Michelle and I got such a kick out of it that I discreetly took a picture of the parking spaces before I left.  While it struck me as funny at the time, the more I think about it, the angrier I get.  I know that reserving the best parking spots for the pastor and his wife may seem like no big deal, but what it represents is a huge biblical misunderstanding that leads to a lot of problems in the church today.

As I read my Bible (which by the way is the same as yours!), I can’t find anywhere anything about a hierarchy in the church.  Nowhere does the Bible instruct churches to be led by a “senior” pastor along with his “first lady.”  As a matter of fact, the church is not supposed to be led by any man or any woman.  Instead, according to Ephesians 5, Jesus Christ is to be exalted the “head” of the church, and those that serve the church under Him are called elders and deacons.  Without a proper understanding of the way churches are to be ordered biblically, serious problems result that often lead to spiritual disillusionment and a mass exodus of church members and dangerous pride and an abuse of power by the clergy.   (Read Who’s In Charge of Your Church?)
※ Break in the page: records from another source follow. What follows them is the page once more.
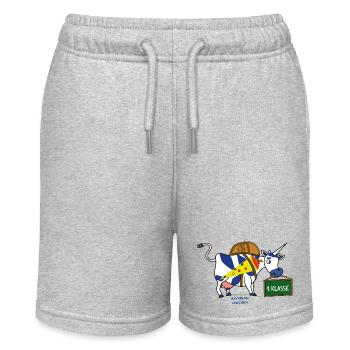 BAVARIAN UNICORN - Schule - Stanley/Stella Teenager Bio-Joggingshorts MINI BOLTER - Grau meliert - Vorne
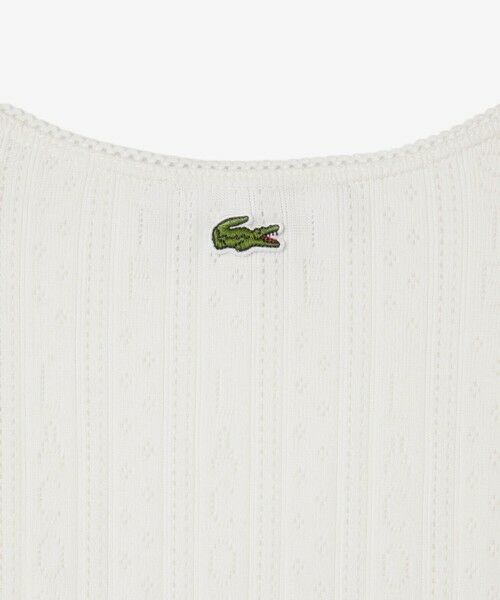 LACOSTE / ラコステ タンクトップ | レース調 ポワンテルニット リボンタンクトップ | 詳細11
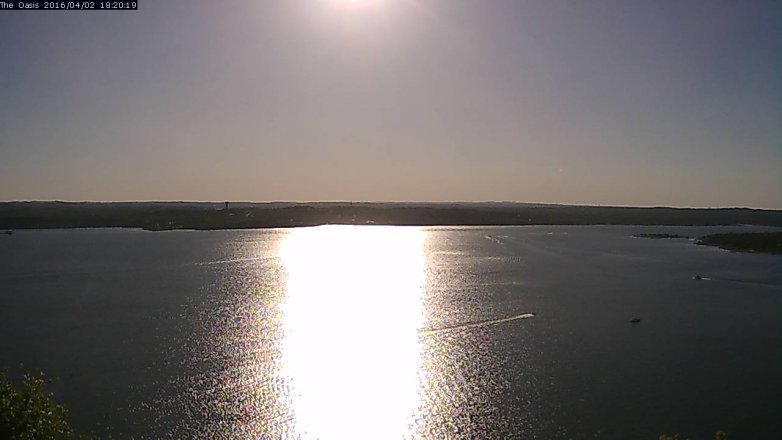 Lake Travis webcam, April 2, 2016 5:25 PM CT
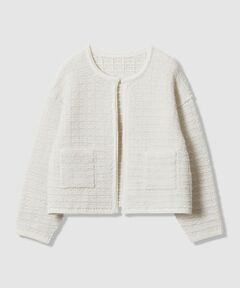 allureville / アルアバイル カーディガン・ボレロ | リバーシブルツィードカーディガン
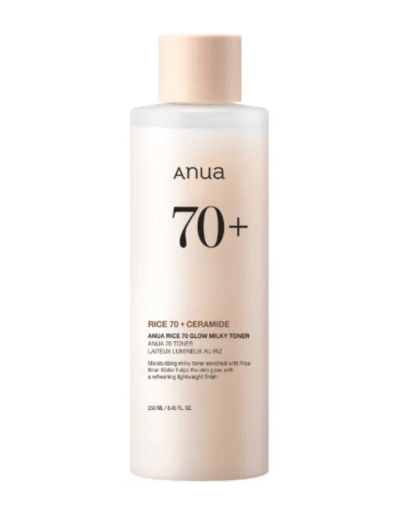 Rice 70 Glow Milky Tônico Facial 250ml - Anua K-Beauty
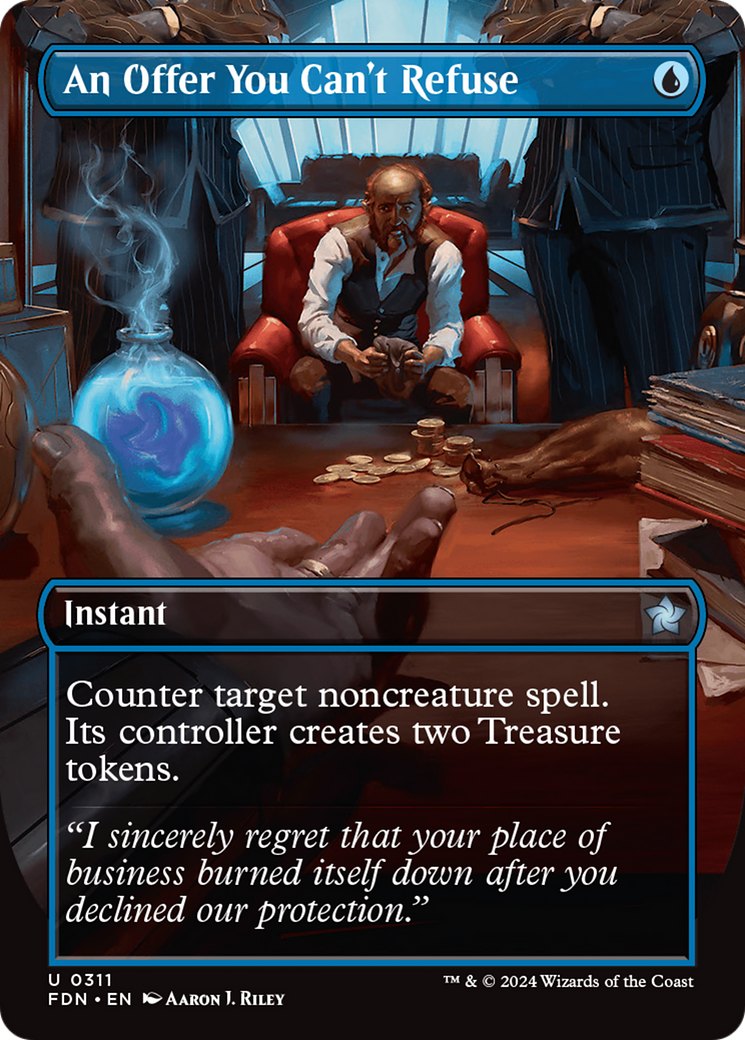 An Offer You Can't Refuse (FDN-311) -  (Borderless) Foil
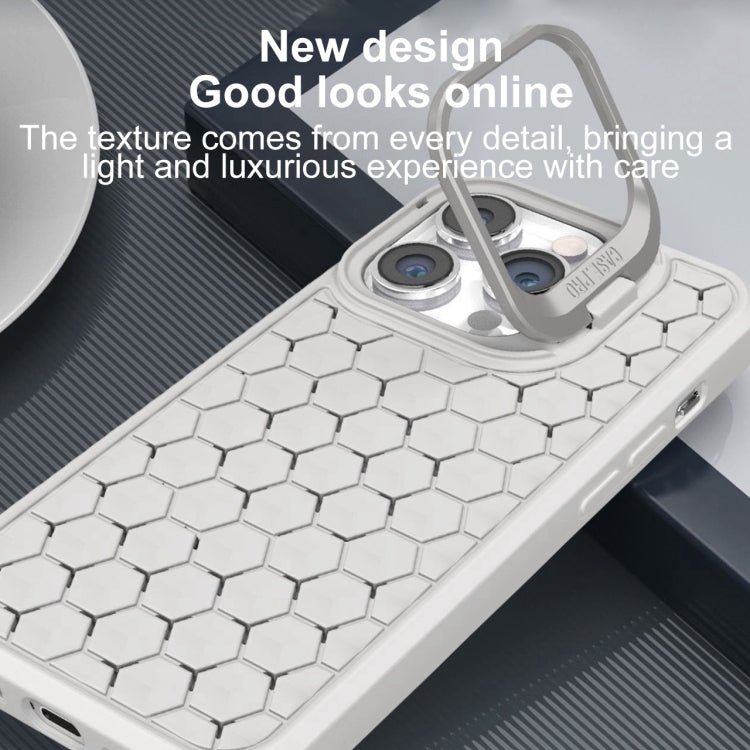 Honeycomb Radiating Lens Holder Magsafe Phone Case, For iPhone 16 Pro Max, For iPhone 16 Pro, For iPhone 16 Plus, For iPhone 16, For iPhone 15 Pro Max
When I was hired by my church, the position I was offered at the time was “senior pastor.”  While I was tempted to keep the title and enjoy my position of ultimate power and authority (mwah ha ha!), I couldn’t do it.  So, one of the first things I did upon being hired was to change my title to “lead pastor.”  This may not seem like much of a change to most, but to me, the elders, and my church, it’s huge.

The title “lead pastor” recognizes my position of leadership, but hopefully removes the false idea of church hierarchy.  I serve as an elder with six other men, and while I’m recognized as the primary teaching elder, I’m trying to show the church that I’m leading with six other equals.  The seven of us elders recognize that Christ is the head of our church, and we lead together under His authority as the Scriptures teach.

So, among other things, this means that the best parking spots at my church will continue to be reserved for visitors.  I’ll continue to park on the loading dock among the weeds, and Michelle will continue to park next to the dumpsters.  No “first lady” treatment for her!